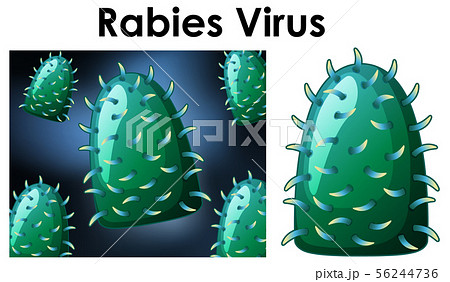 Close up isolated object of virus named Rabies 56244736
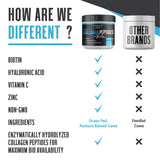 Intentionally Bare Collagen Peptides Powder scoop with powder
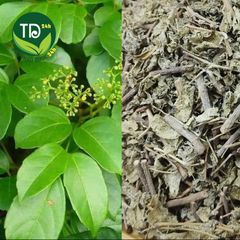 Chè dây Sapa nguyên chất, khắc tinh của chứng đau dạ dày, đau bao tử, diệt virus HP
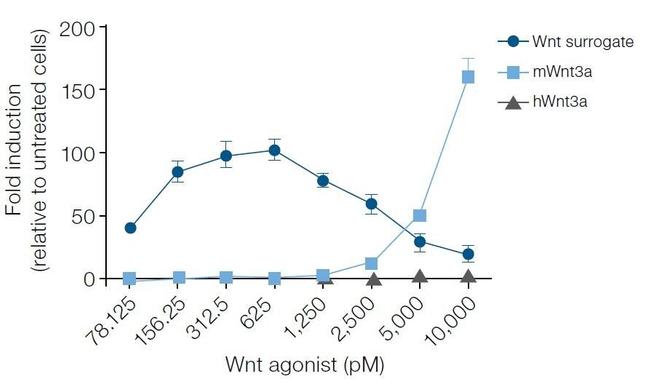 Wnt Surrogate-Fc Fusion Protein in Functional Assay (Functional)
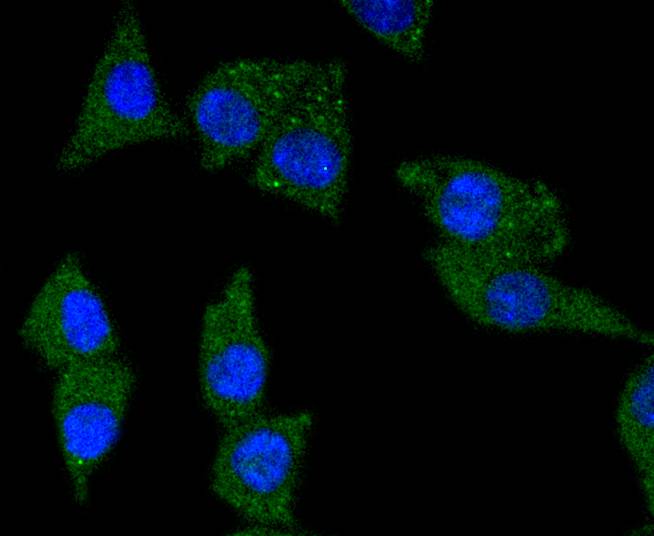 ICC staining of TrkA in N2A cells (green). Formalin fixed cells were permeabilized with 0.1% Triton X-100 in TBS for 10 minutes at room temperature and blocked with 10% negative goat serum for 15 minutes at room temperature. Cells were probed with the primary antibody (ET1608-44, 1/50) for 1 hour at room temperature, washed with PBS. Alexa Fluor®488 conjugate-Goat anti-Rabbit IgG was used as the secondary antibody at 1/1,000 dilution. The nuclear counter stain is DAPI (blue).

What the task asks
Each line from the one containing "Chè dây Sapa" through the end of the listing is to be set down exactly, with all pictures left out.

Expected answer
 Chè dây Sapa nguyên chất, khắc tinh của chứng đau dạ dày, đau bao tử, diệt virus HP
 Wnt Surrogate-Fc Fusion Protein in Functional Assay (Functional)
 ICC staining of TrkA in N2A cells (green). Formalin fixed cells were permeabilized with 0.1% Triton X-100 in TBS for 10 minutes at room temperature and blocked with 10% negative goat serum for 15 minutes at room temperature. Cells were probed with the primary antibody (ET1608-44, 1/50) for 1 hour at room temperature, washed with PBS. Alexa Fluor®488 conjugate-Goat anti-Rabbit IgG was used as the secondary antibody at 1/1,000 dilution. The nuclear counter stain is DAPI (blue).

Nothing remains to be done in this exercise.